= Wasque =

Nature reserve in Massachusetts, US

Wasque (/ˈweɪskwiː/, "way-squee") or Wasque Beach is a 200 acre nature reserve on Chappaquiddick Island, Martha's Vineyard, Massachusetts. The site was established as a reservation for the public in 1967 and is one of five conservation areas on "the Vineyard" managed by the Trustees of Reservations. Wasque contains a sandy strand the Boston Globe calls "a magnificent beach." Travel + Leisure named Wasque Beach the number one beach in New England and WHDH-TV reports "It's pristine, serene, and rain or shine, it's a beach-goers' delight." Off the shore of Wasque Beach is Katama Bay, "a vast and pristine salt water bay that includes many acres of productive shellfish beds."

==Ecology==
Wasque has a sand barrens ecosystem. One of a number of such habitats in isolated locations from Maine to New Jersey, the reservation's landscape and geography were formed by ancient outwash deposits from glacial till. The free-draining, acidic, dry, and sandy soil sustains coastal heathlands, oak and pitch pine woodlands, and sandplain grasslands. Wasque is home to such species as beach plum, bearberry, blackberry, black huckleberry, blue toadflax, bluets, chokeberry, dwarf cinquefoil, golden heather, late lowbush blueberry, Nantucket shadbush, rockrose, and yellow stargrass. These areas are "globally rare communities" and only maintained through relatively intensive land management that includes domesticated animals grazing the grass, mechanical mowing and clearing of vegetation, and even controlled burning.

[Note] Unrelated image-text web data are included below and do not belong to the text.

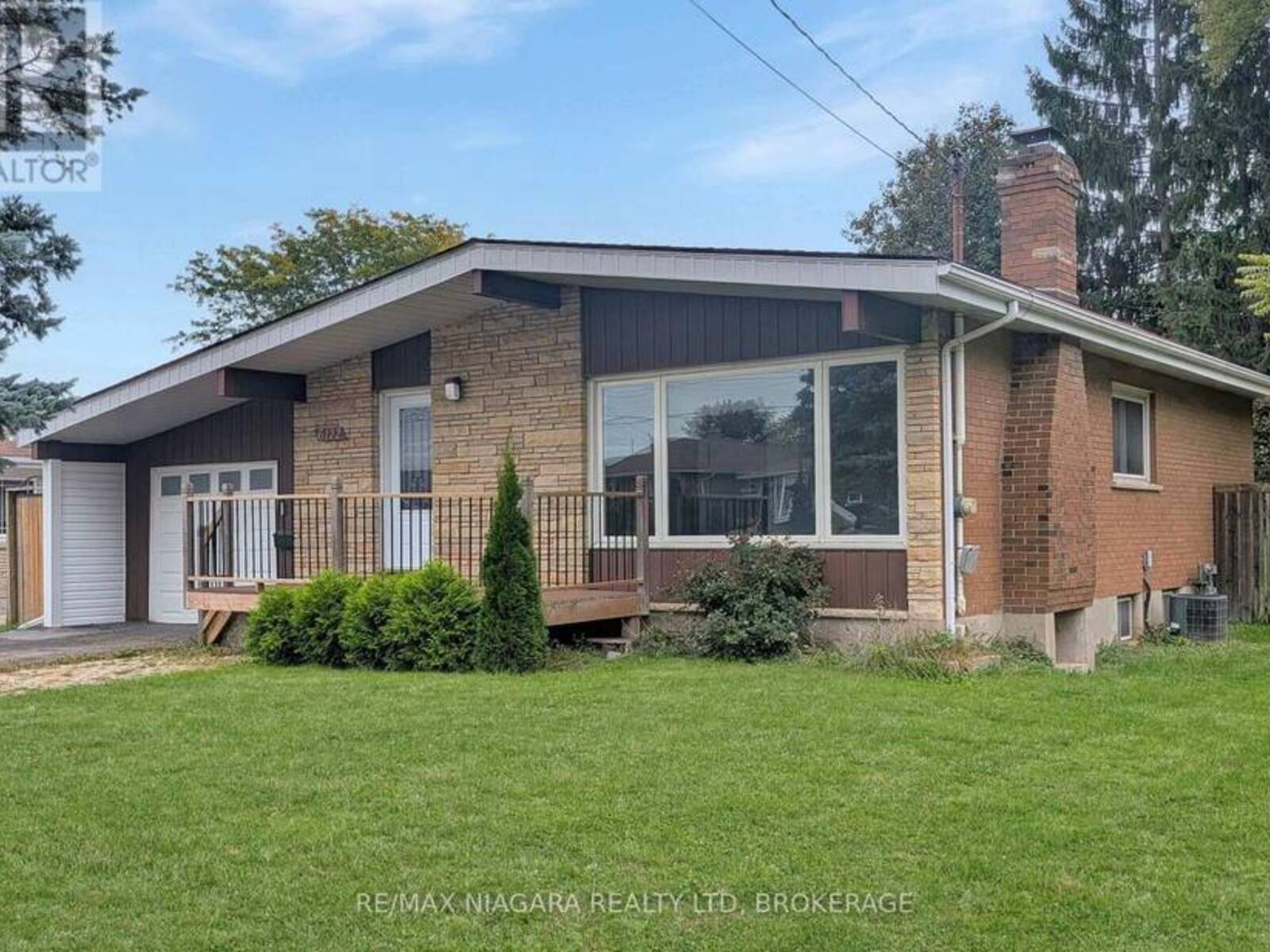 6122 MAYFAIR DRIVE, Niagara Falls, Ontario L2J 1W1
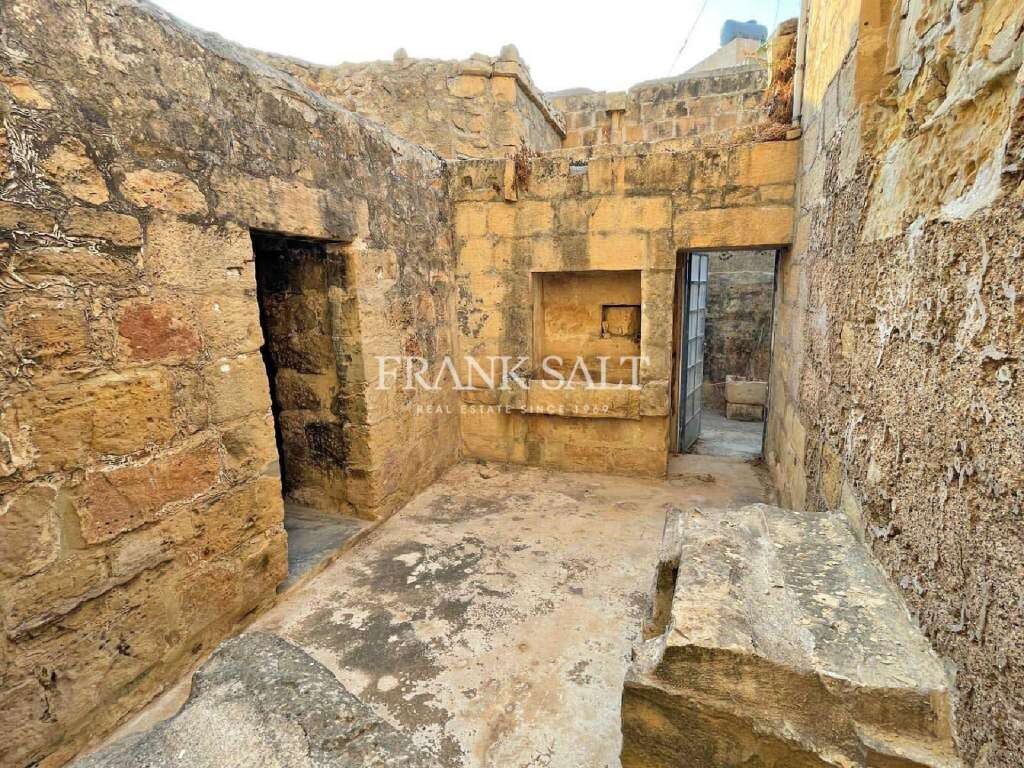 Zurrieq, 3 Bedrooms Bedrooms, ,For Sale,FRSA-425371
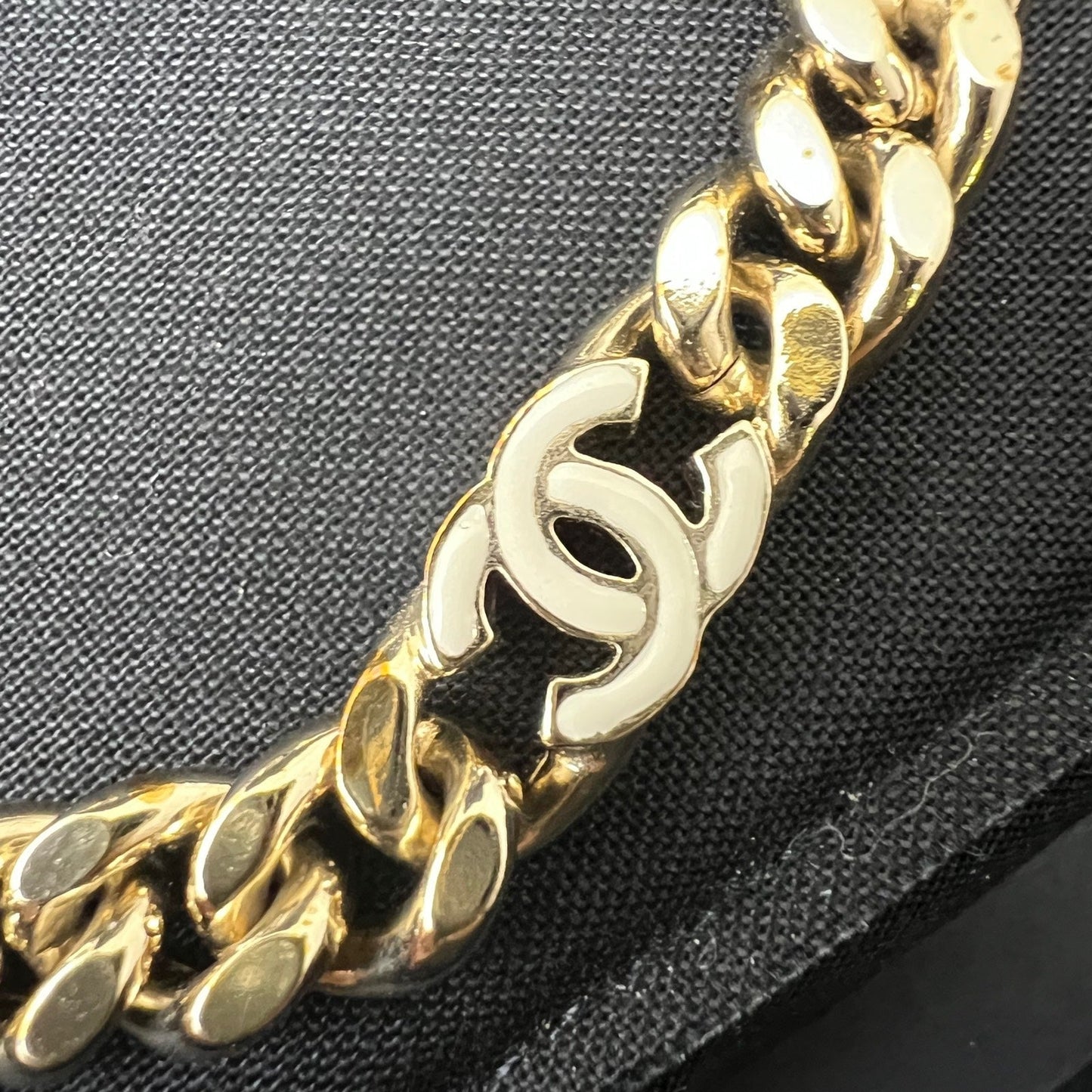 Chanel Choker Necklace in LGHW (Model: )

The reservation has a number of rare animal species that depend on the conditions of these habitats; in 2004 The Boston Globe said that the Wasque Reservation is "a great place for fishing and birdwatching". Observers can spot blue herons, egrets, ducks, and migrating shorebirds that can be found in the marshes. Ospreys can be seen swooping down to pluck fish from the Atlantic Ocean. Butterfly watchers can see monarchs, sulphur butterflies, and red admirals that stop here to drink nectar from wildflowers before continuing their southward migration.

==History==
Algonquian people camped at this site in warm weather; the name is said to come from wannasque, an Algonquian word meaning "the ending". European settlement came to this part of Chappaquiddick Island in 1750 or later. Several 19th-century land speculation proposals never came to fruition. "Chappaquiddick-by-the-Sea," one failed concept for land development, would have included a grid of 750 quarter-acre parcels, broad avenues, public parks, and yacht facilities. In 1967, when the property was purchased for the public, there were only a few homes in the area.

==Visiting==
Relatively remote, this "little-known" beach and nature reserve is about 70 miles south of Boston off the coast of Cape Cod. Martha's Vineyard is a short Steamship Authority ferry ride from mainland Cape Cod, out of Falmouth or Woods Hole. Bicycles and motor vehicles may be transported on the ferry for additional fees. A ferry from Edgartown on the Vineyard allows one to get to Chappaquiddick. The property is open 24 hours a day all year. Due to severe beach erosion at Wasque Point, one is no longer allowed to take vehicles over the sand to Wasque from adjacent Cape Poge Wildlife Refuge. Formerly this was allowed except for occasional summer closures to protect the nest sites of rare shorebirds.

Wasque is a great place for recreational fishing. Recent reports of fishing off Wasque Beach have mentioned bonito that were reeled in at the Wasque rip and Menemsha jetties. Bluefish and 10-15 lbs. Striped bass have been reported as well. In some years, the waters off Wasque Beach have been "hot with both game species." At times, dedicated anglers have come to the Wasque just to sit in their vehicles “watching the water for signs” that fishing conditions were favorable.